AlphaPose--Multip Personal Human Pose Estimation

[ pose-estimation alphapose deep-learning multi-person rmpe ]

This is my reading note for RMPE: Regional Multi-person Pose Estimation and the code is available at MVIG-SJTU/AlphaPose. This paper is a novel regional multi-person pose estimation (RMPE) framework to facilitate pose estimation in the presence of inaccurate human bounding boxes. The framework consists of three components: Symmetric Spatial Transformer Network (SSTN), Parametric Pose Non-Maximum-Suppression (NMS), and Pose-Guided Proposals Generator (PGPG).

Well, there is no place showing why it could be significantly faster than Mask-RCNN based approaches.

For human pose estimation methods, there are two types of algorithms:

The two-step framework first detects human bounding boxes and then estimates the pose within each box independently. In the two-step framework, the accuracy of pose estimation highly depends on the quality of the detected bounding boxes.
The part-based framework first detects body parts independently and then assembles the detected body parts to form multiple human poses. In the part-based framework, the assembled human poses are ambiguous when two or more persons are too close together. Also, part-based framework loses the capability to recognize body parts from a global pose view due to the mere utilization of second-order body parts dependence.

Proposed Method

The propose method belongs to two-step framework, which is illustrated below:

Screen Shot 2021-04-17 at 12.10.02 PM

Symmetric Spatial Transformer Network (STN) and Parallel Single Person Pose Estimation (SPPE)

This paper uses the STN to extract high quality dominant human proposals. Mathematically, the STN performs a 2D affine transformation that transform the pose in image coordinate to pose in local bounding box. Naturally, a spatial de-transformer network (SDTN) is required to remap the estimated human pose back to the original image coordinate.

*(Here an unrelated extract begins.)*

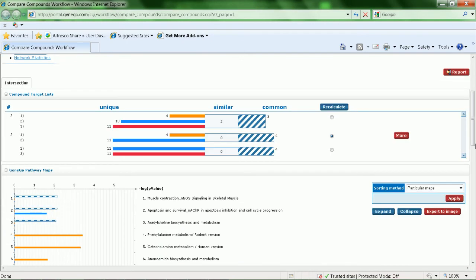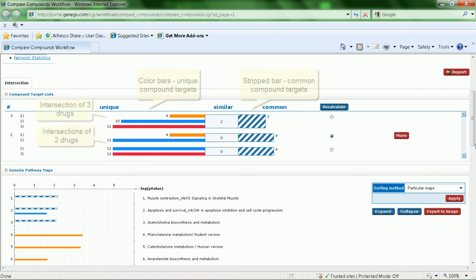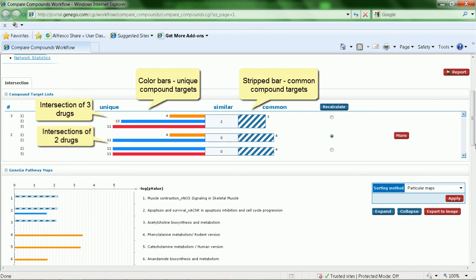In the first step, Metadrug determines the intersection of the targets found for the three compounds through the similarity search to identify unique and common targets.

Screen Shot 2021-04-17 at 12.12.34 PM

Parallel SPPE

The parallel SPPE can be regarded as a regularizer during the training phase. It helps to avoid a poor solution (local minimum) where the STN does not transform the pose to the center of extracted human regions. Although STN can partly transform the input, it is impossible to perfectly place the person at the same location as the label. The difference in coordinate space between the input and label of SPPE will largely impair its ability to learn pose estimation.

This branch shares the same STN with the original SPPE, but the spatial de-transformer (SDTN) is omitted. The output of this SPPE branch is directly compared to labels of center-located ground truth poses. We freeze all the layers of this parallel SPPE during the training phase. If the extracted pose of the STN is not center-located, the parallel branch will back-propagate large errors.

Parameteric Pose Non Maximal Suppression (NMS)

NMS can be described as:

firstly, the most confident pose is selected as reference, and some poses close to it are subject to elimination by applying elimination criterion.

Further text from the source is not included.